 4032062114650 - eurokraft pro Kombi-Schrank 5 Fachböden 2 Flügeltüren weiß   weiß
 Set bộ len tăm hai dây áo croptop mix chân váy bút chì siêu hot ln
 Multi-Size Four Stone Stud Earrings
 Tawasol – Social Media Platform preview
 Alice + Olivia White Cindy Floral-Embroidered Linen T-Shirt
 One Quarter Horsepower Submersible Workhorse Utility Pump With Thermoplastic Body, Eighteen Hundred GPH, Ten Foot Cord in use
--
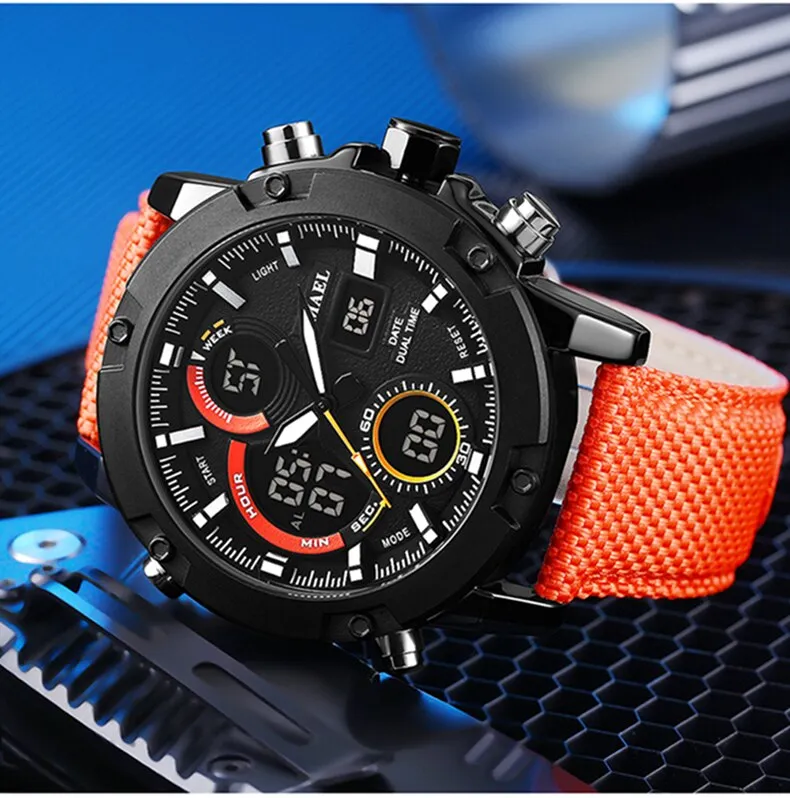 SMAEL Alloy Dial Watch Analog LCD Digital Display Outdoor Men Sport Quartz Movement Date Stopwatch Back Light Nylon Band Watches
--
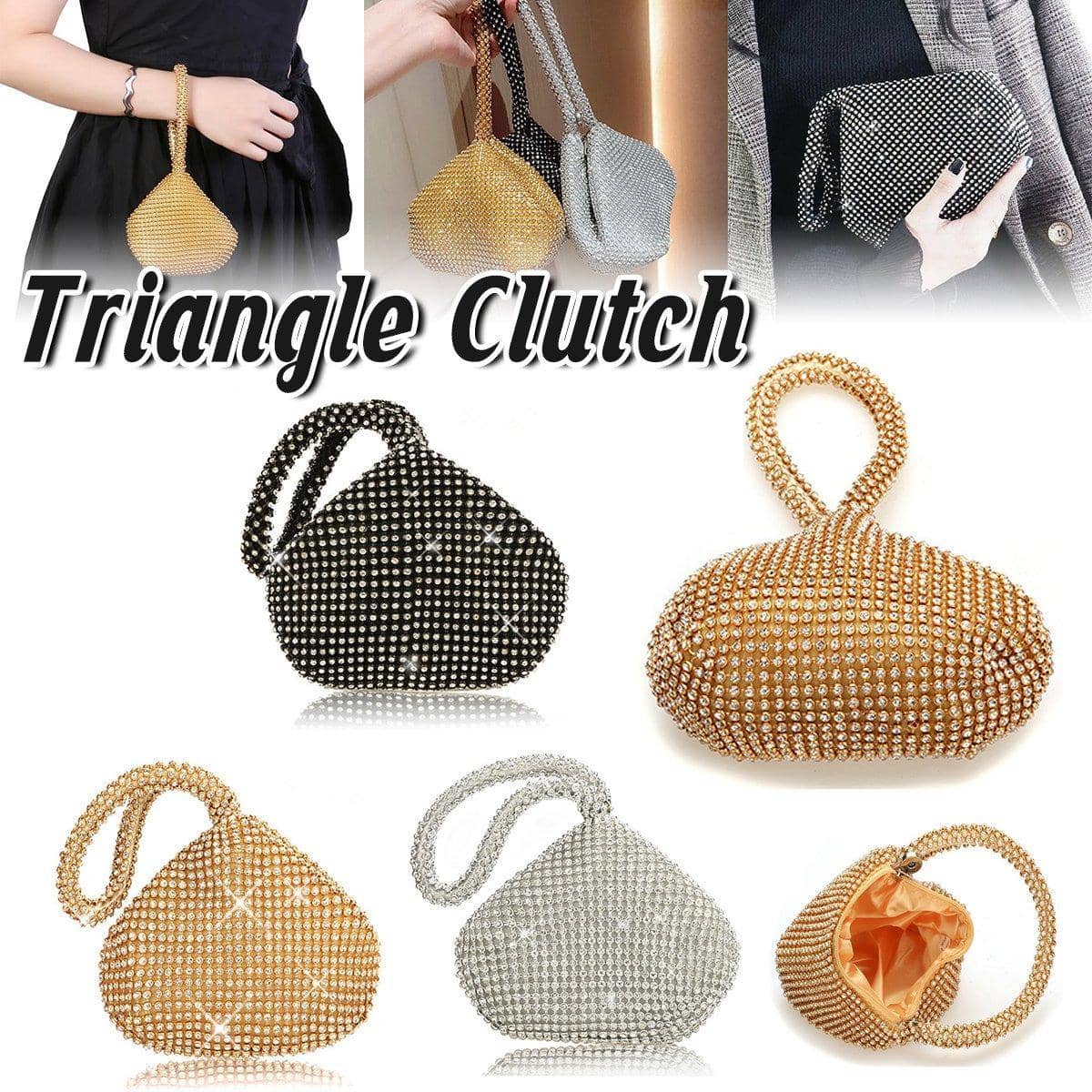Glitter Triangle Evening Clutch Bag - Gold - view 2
--
● **EXERCISE DETAILS**
Within the material above, extract exactly the lines that start at the line containing "4032062114650 - eurokraft" and stop after the line containing "One Quarter Horsepower", and only those.

● **WRITTEN RESPONSE**
 4032062114650 - eurokraft pro Kombi-Schrank 5 Fachböden 2 Flügeltüren weiß   weiß
 Set bộ len tăm hai dây áo croptop mix chân váy bút chì siêu hot ln
 Multi-Size Four Stone Stud Earrings
 Tawasol – Social Media Platform preview
 Alice + Olivia White Cindy Floral-Embroidered Linen T-Shirt
 One Quarter Horsepower Submersible Workhorse Utility Pump With Thermoplastic Body, Eighteen Hundred GPH, Ten Foot Cord in use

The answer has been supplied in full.